The potential testing bottleneck has been resolved by providing incorporating apparatus internal to the device which can test the device with little external assistance. One implementation of self-testing apparatus is referred to as a built-in-self-test (BIST) unit. The BIST unit can test the storage cell array and associated equipment while coupled to a relatively simple test board. Using the BIST apparatus, one test board can control the testing procedures of a multiplicity of memory units. Typically, the result of the memory unit test by the BIST unit is communicated through a single memory unit terminal.

The BIST unit, in response to commands from the associated test board, typically tests the entire storage cell and provides an indicia of the results of the test procedure. In many situations, limiting the test procedures to those involving the entire memory unit can result in an unsatisfactory test procedure. For example, in testing a prototype memory unit, the failure of the prototype memory unit may be the result of either a failure of the BIST unit or a design flaw in a portion of the memory unit. In either situation, the mere failure of the test procedure does not provide enough information to localize problem with sufficient accuracy to know how to eliminate the problem.

One approach to the problem of limiting the portion of the memory unit being tested by the BIST unit is control the upper limit of the storage cell array addresses being tested. In this approach, by varying the address upper limit, the testing of the storage cell array can be systematically expanded to include the entire storage cell array. However, this test procedure is not useful for any address above that address including the first-identified defect.
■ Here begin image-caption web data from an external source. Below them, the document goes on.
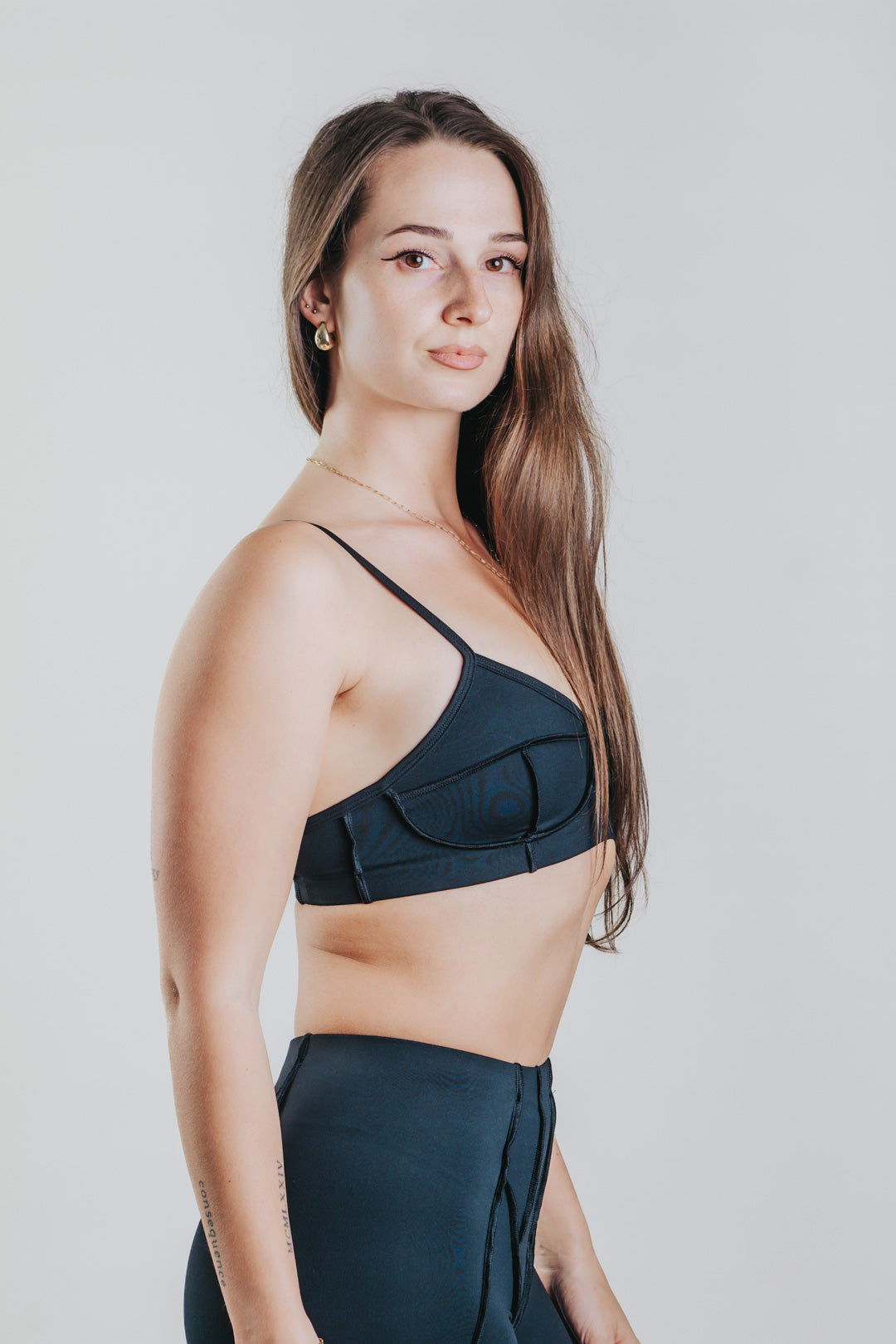 ELEVATE PERFORMANCE TOP- Black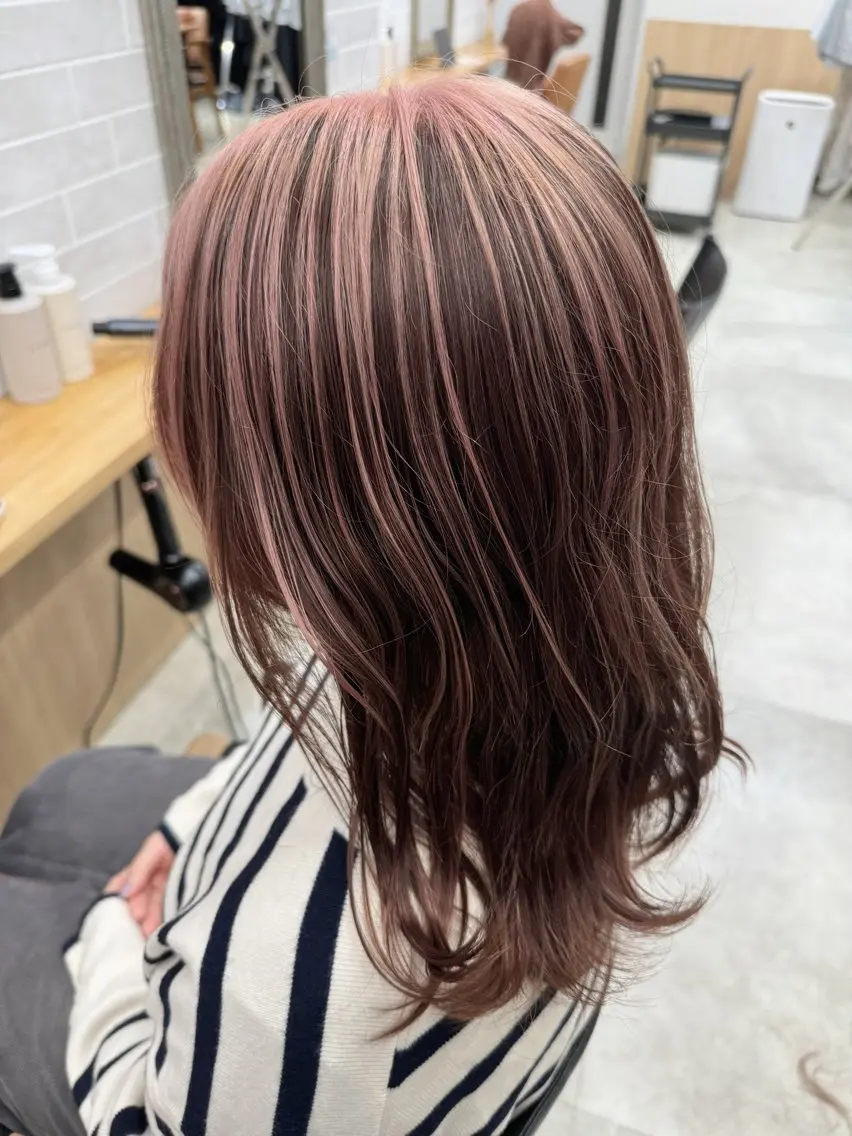 セミロング カラー ブラウンカラー ハイライトカラー ピンクカラー ピンクブラウン ハイライト ヘアカラー トリートメント 縮毛矯正/髪質改善 インナーカラーせいぎのヘアスタイル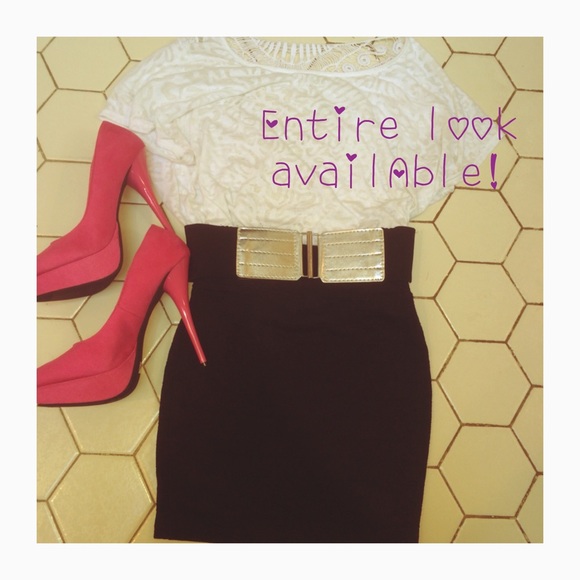 ♥️️SOLD IN BUNDLE♥️Black Pencil Skirt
And this approach is particularly unsatisfactory when the identified defect occurs at a relatively low address.

A need has therefore been felt for a built-in-test-unit (BIST) unit and associated procedures which would permit the testing of a selected portion of the memory unit and the communication of the results of this partial memory unit test. In addition, it is desirable that this increased functionality of the BIST unit be accomplished without the requiring additional terminals for the memory unit.

SUMMARY OF THE INVENTION

The aforementioned and other features are accomplished, according to the present invention, by incorporating in the BIST unit of the memory unit an address limits unit. The address limits register includes upper and lower row address registers and upper and lower column address registers. These four registers are loaded through existing terminals of the memory unit and define upper and lower address for the memory unit. During operation of the BIST unit, these registers determine the address at which the testing procedure begins and the address at which the testing procedure is terminated. In this manner, an arbitrary subarray of the memory unit can be tested.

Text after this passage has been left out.